• [TASK STATEMENT]: Since each line must match the original, copy out the records with no differences at all.

---------- DATASET

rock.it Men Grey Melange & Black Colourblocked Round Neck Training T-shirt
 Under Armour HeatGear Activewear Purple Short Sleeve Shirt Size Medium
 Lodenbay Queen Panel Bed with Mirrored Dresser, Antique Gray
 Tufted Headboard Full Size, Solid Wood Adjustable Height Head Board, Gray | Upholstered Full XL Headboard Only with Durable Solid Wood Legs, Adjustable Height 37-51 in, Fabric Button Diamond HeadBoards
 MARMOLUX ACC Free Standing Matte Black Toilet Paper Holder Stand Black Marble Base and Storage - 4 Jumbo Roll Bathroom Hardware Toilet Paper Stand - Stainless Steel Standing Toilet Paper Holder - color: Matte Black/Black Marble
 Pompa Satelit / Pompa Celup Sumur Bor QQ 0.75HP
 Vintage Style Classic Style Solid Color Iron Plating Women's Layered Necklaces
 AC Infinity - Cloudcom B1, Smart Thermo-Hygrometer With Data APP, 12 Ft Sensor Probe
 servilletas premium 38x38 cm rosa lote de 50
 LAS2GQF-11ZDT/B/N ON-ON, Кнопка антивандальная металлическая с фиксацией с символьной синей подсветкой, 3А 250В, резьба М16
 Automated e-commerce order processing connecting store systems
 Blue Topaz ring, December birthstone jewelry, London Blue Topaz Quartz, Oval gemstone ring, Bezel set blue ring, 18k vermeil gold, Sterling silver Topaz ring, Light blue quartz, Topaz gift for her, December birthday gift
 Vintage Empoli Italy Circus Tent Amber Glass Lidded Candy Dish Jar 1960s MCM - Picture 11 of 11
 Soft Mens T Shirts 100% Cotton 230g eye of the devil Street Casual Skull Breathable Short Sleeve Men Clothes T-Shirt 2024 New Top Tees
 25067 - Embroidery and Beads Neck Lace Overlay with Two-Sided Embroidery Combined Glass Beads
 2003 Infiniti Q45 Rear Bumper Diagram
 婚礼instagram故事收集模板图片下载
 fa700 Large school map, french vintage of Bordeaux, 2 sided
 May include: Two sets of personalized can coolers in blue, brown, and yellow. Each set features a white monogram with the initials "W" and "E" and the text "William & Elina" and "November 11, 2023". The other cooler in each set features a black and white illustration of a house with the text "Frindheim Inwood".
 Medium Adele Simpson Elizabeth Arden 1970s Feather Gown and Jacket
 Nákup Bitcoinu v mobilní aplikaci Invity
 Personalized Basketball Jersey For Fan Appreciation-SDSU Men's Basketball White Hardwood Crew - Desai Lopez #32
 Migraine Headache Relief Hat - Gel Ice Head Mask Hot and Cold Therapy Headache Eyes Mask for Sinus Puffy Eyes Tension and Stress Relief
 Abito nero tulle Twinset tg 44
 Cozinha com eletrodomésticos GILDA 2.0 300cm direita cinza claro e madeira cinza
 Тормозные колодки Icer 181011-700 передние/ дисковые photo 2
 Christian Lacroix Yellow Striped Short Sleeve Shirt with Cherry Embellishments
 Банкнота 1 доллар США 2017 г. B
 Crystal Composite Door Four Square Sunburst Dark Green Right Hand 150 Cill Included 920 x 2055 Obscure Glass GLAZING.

--------------------

• [SOLUTION TO THE PROBLEM]:
rock.it Men Grey Melange & Black Colourblocked Round Neck Training T-shirt
 Under Armour HeatGear Activewear Purple Short Sleeve Shirt Size Medium
 Lodenbay Queen Panel Bed with Mirrored Dresser, Antique Gray
 Tufted Headboard Full Size, Solid Wood Adjustable Height Head Board, Gray | Upholstered Full XL Headboard Only with Durable Solid Wood Legs, Adjustable Height 37-51 in, Fabric Button Diamond HeadBoards
 MARMOLUX ACC Free Standing Matte Black Toilet Paper Holder Stand Black Marble Base and Storage - 4 Jumbo Roll Bathroom Hardware Toilet Paper Stand - Stainless Steel Standing Toilet Paper Holder - color: Matte Black/Black Marble
 Pompa Satelit / Pompa Celup Sumur Bor QQ 0.75HP
 Vintage Style Classic Style Solid Color Iron Plating Women's Layered Necklaces
 AC Infinity - Cloudcom B1, Smart Thermo-Hygrometer With Data APP, 12 Ft Sensor Probe
 servilletas premium 38x38 cm rosa lote de 50
 LAS2GQF-11ZDT/B/N ON-ON, Кнопка антивандальная металлическая с фиксацией с символьной синей подсветкой, 3А 250В, резьба М16
 Automated e-commerce order processing connecting store systems
 Blue Topaz ring, December birthstone jewelry, London Blue Topaz Quartz, Oval gemstone ring, Bezel set blue ring, 18k vermeil gold, Sterling silver Topaz ring, Light blue quartz, Topaz gift for her, December birthday gift
 Vintage Empoli Italy Circus Tent Amber Glass Lidded Candy Dish Jar 1960s MCM - Picture 11 of 11
 Soft Mens T Shirts 100% Cotton 230g eye of the devil Street Casual Skull Breathable Short Sleeve Men Clothes T-Shirt 2024 New Top Tees
 25067 - Embroidery and Beads Neck Lace Overlay with Two-Sided Embroidery Combined Glass Beads
 2003 Infiniti Q45 Rear Bumper Diagram
 婚礼instagram故事收集模板图片下载
 fa700 Large school map, french vintage of Bordeaux, 2 sided
 May include: Two sets of personalized can coolers in blue, brown, and yellow. Each set features a white monogram with the initials "W" and "E" and the text "William & Elina" and "November 11, 2023". The other cooler in each set features a black and white illustration of a house with the text "Frindheim Inwood".
 Medium Adele Simpson Elizabeth Arden 1970s Feather Gown and Jacket
 Nákup Bitcoinu v mobilní aplikaci Invity
 Personalized Basketball Jersey For Fan Appreciation-SDSU Men's Basketball White Hardwood Crew - Desai Lopez #32
 Migraine Headache Relief Hat - Gel Ice Head Mask Hot and Cold Therapy Headache Eyes Mask for Sinus Puffy Eyes Tension and Stress Relief
 Abito nero tulle Twinset tg 44
 Cozinha com eletrodomésticos GILDA 2.0 300cm direita cinza claro e madeira cinza
 Тормозные колодки Icer 181011-700 передние/ дисковые photo 2
 Christian Lacroix Yellow Striped Short Sleeve Shirt with Cherry Embellishments
 Банкнота 1 доллар США 2017 г. B
 Crystal Composite Door Four Square Sunburst Dark Green Right Hand 150 Cill Included 920 x 2055 Obscure Glass GLAZING.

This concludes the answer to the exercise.